◆ What to work on
The answer should be an exact repeat of the stretch of material below from the line containing "If you're a" through the line containing "Okay, that was".

◆ Supplied entries
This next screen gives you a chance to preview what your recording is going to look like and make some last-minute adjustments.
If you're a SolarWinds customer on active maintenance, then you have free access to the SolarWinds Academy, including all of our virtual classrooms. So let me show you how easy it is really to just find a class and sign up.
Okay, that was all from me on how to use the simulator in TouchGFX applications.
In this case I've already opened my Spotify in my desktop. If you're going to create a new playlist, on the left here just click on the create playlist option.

* * *

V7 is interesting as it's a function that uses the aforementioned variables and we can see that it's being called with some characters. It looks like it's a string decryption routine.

...

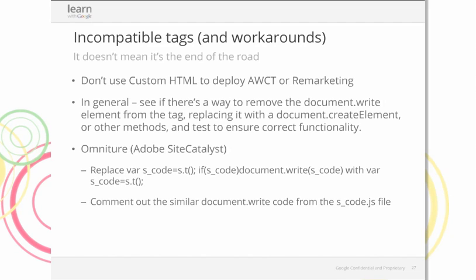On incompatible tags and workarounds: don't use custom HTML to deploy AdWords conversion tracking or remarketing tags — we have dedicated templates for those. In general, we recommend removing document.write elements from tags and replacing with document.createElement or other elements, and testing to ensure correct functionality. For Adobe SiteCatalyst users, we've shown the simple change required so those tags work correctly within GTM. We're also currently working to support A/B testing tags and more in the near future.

◆ Answer area
If you're a SolarWinds customer on active maintenance, then you have free access to the SolarWinds Academy, including all of our virtual classrooms. So let me show you how easy it is really to just find a class and sign up.
Okay, that was all from me on how to use the simulator in TouchGFX applications.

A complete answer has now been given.